## Your goal
Repeat the lines of the data exactly and exclude any picture among them.

Dataset section section start

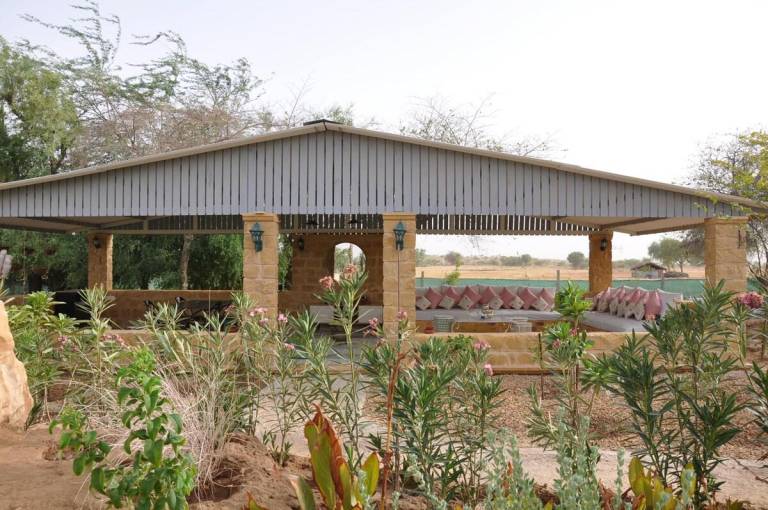 Villa with garden — photo 4
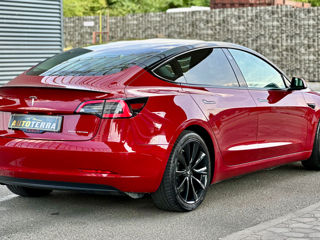 Tesla Model 3 foto 6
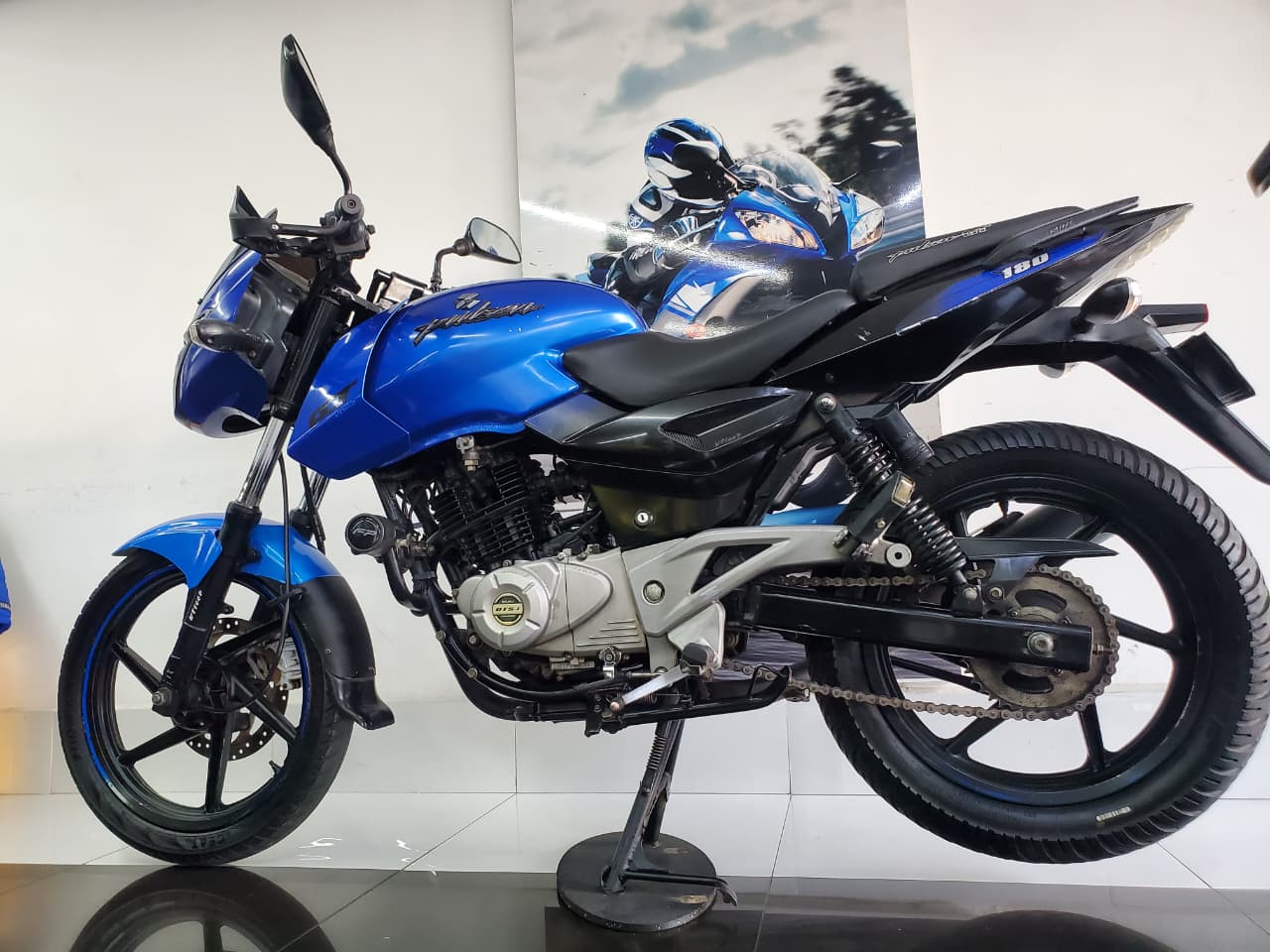 Bajaj Pulsar 180 Ug Gt 2016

Dataset section section end

## Task answer
 Villa with garden — photo 4
 Tesla Model 3 foto 6
 Bajaj Pulsar 180 Ug Gt 2016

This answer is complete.